__Requirement__. Retype the line in which "AZ license plate ABN4833" appears, then every line after it until the records end. Leave out the pictures.
*-*-*
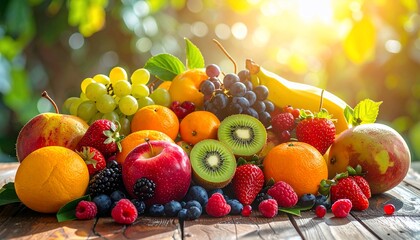 A vibrant array of colorful fruits displays a healthy and delicious selection, with oranges, apples, grapes, berries, and kiwi, all glistening in the sunlight.
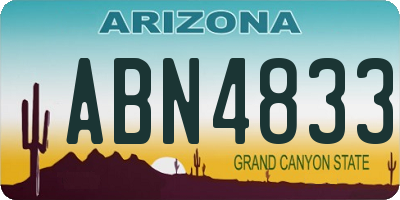 AZ license plate ABN4833
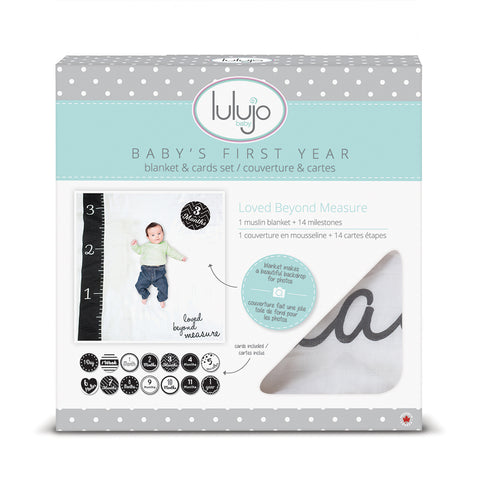 Lulujo Baby's 1st Year Milestone Blanket & Card Set - Loved Beyond Measure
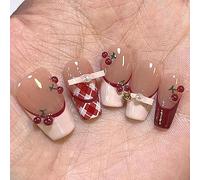 Faux Ongles à Pression, Chevet de Lit Français en Acrylique Brillant à Couverture Complète avec Nœud en Cerise, Ongles à Coller pour Femmes et Filles(M)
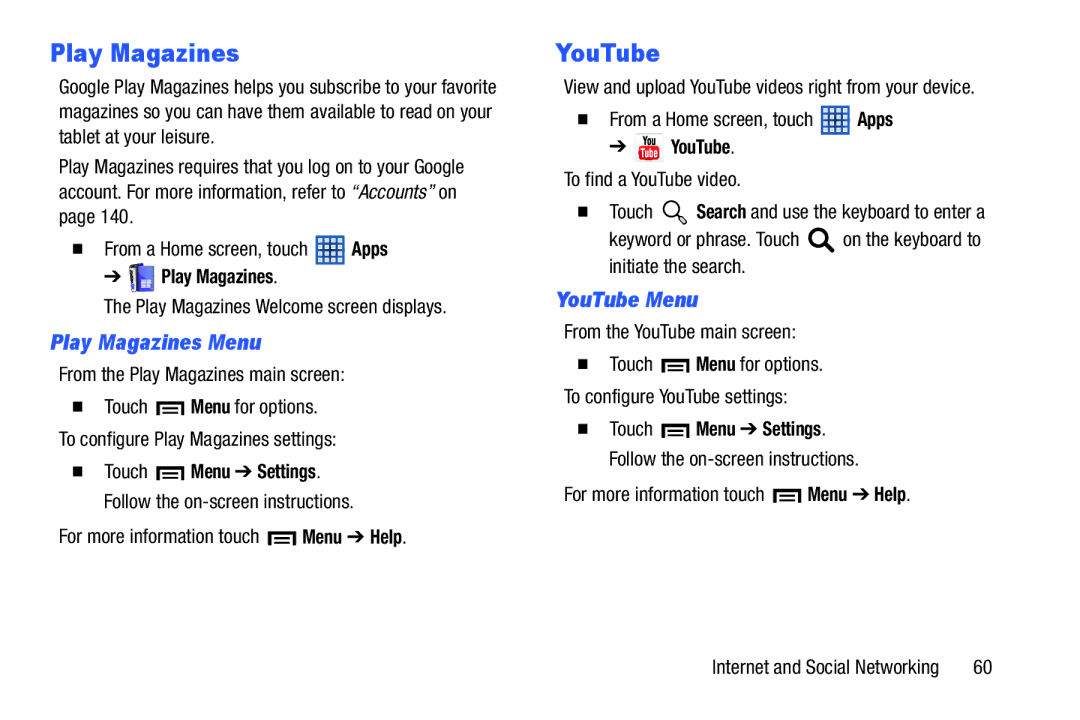 Samsung SM-T210RGNYXAR, SMT210RZWYXAR user manual Play Magazines Menu, YouTube Menu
*-*-*
__Result for this task__.
 AZ license plate ABN4833
 Lulujo Baby's 1st Year Milestone Blanket & Card Set - Loved Beyond Measure
 Faux Ongles à Pression, Chevet de Lit Français en Acrylique Brillant à Couverture Complète avec Nœud en Cerise, Ongles à Coller pour Femmes et Filles(M)
 Samsung SM-T210RGNYXAR, SMT210RZWYXAR user manual Play Magazines Menu, YouTube Menu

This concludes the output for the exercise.